A number of NFSA Restores titles were screened at international events including The Year My Voice Broke (John Duigan, 1987) at the Museum of Modern Art in New York, My Brilliant Career and Starstruck (Gillian Armstrong, 1982) at the Swedish Film Institute, My Brilliant Career at the TCM Classics Festival in Los Angeles, Starstruck and Shame at the Australian Screen Forum in New York and Three Days to Live (Tom Gibson, USA, 1924) at the Pordenone Silent Film Festival 2017, Italy.
Right There On My TV
Our Right There On My TV event at the St Kilda Film Festival on 21 May 2018 looked at the early days of Australian music television and featured guests John Paul Young, Greg Evans and Lee Simon. Our TV curators developed a showreel of 1970s programs that championed music and music videos. Lee Simon shared memories of his successful Nightmoves while Greg Evans talked about the pilot episode of the unaired show Soundcheck.

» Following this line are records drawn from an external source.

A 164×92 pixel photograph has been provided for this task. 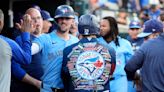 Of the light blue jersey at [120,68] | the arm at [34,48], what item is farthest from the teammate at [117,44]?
the arm at [34,48]

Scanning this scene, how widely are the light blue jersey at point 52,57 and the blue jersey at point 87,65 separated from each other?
1.05ft

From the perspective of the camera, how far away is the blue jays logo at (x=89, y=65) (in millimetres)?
6672

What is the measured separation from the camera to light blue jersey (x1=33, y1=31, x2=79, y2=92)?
7.05 meters

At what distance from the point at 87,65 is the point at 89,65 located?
3 centimetres

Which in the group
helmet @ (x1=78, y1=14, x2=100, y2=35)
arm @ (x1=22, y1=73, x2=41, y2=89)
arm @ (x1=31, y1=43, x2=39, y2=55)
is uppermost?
helmet @ (x1=78, y1=14, x2=100, y2=35)

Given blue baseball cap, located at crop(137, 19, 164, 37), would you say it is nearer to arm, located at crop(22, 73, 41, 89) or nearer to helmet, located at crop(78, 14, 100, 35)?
helmet, located at crop(78, 14, 100, 35)

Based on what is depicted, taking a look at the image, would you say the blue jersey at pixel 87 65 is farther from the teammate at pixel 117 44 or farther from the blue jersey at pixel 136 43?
the blue jersey at pixel 136 43

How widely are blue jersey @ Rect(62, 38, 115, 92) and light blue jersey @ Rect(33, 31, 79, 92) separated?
1.05 feet

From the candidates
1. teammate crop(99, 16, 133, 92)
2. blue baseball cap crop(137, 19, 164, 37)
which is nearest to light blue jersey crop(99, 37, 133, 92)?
teammate crop(99, 16, 133, 92)

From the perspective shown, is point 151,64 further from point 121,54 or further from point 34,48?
point 121,54

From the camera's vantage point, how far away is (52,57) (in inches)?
279

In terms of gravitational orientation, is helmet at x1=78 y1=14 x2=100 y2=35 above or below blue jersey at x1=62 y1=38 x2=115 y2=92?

National and International Screening Loans
Through our screening loan services we provide national and international access to rare prints of Australian and non-Australian titles.
During the year we provided 20 different films for 17 international venues reaching total audiences of more than 2986 people. Venues included the Hong Kong International Film Festival, Edinburgh Fringe Festival and the Arava Film Festival in Israel.

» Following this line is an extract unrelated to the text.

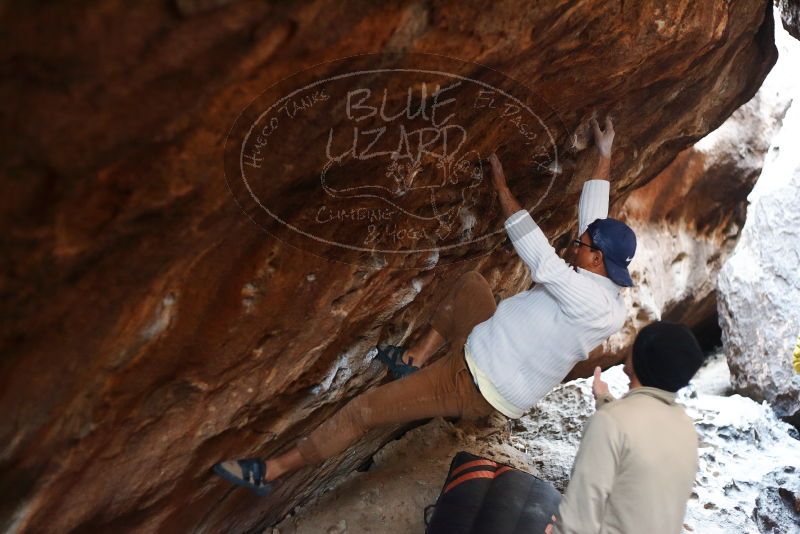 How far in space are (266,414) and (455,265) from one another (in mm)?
1338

Nationally, we loaned 62 titles to 16 cinemas. Total audiences for theatrical screenings exceeded 10,032 people. Highlights included loans to the Melbourne Women in Film Festival, the Castlemaine Local and International Film Festival, the Queensland Art Gallery and Gallery of Modern Art in Brisbane, the Australian Cinematheque in Melbourne and the Art Gallery of New South Wales in Sydney. Our Non-Theatrical Lending Collection (NTLC) provides low-cost loans to film societies, community groups, public libraries, cultural institutions, schools and universities.

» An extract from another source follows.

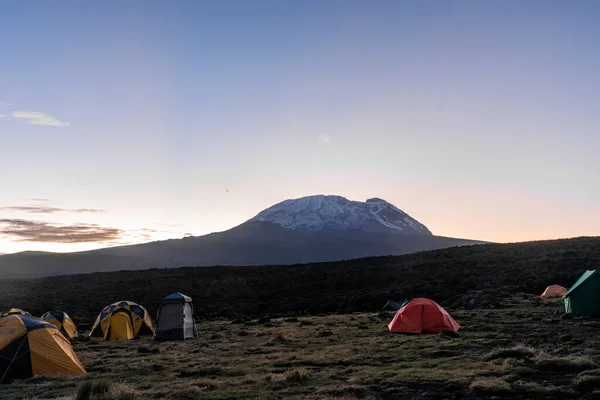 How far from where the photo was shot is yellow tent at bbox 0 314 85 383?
13.7 m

This collection of over 18,000 titles represents significant Australian and world cinema. The NTLC comprises feature, short, documentary, educational and experimental film on formats including DVD, Blu-ray and 16mm film. In 2017–18 we loaned over 847 film titles that were screened by 119 organisations across Australia to audiences in excess of 16,305 people.
Black Screen provides free community access to contemporary short films and documentaries by Aboriginal and Torres Strait Islander directors, producers and screenwriters. The program remains in high demand around the country, part of an ever-increasing awareness of—and desire for—Aboriginal and Torres Strait Islander stories and films. Black Screen events are often part of community celebrations and festivals in regional and remote areas, such as NAIDOC Week, Sorry Day and National Reconciliation Week. Attendance at Black Screen for 2017–18 totalled 4066, achieving our target.
Since 2009 we have presented the Australian Mediatheque with the Australian Centre for the Moving Image (ACMI) in Melbourne, giving access to a large collection of audio and video content from the NFSA and ACMI collections. The Mediatheque closed on 17 September 2017 and we continue to work closely with ACMI to deliver our collection material in fresh and innovative ways.
From 1 July to 30 September 2017 there were 4551 visitors to the Mediatheque.
Arc cinema and Canberra public programs
At Arc cinema in Canberra we present the diversity of Australian and international classic and contemporary cinema. As well as having a 4K digital projector, Arc is the only cinema in Canberra that continues to screen celluloid film, and one of only a handful nationally. During the year Arc hosted many key national touring film festivals and our own curated program.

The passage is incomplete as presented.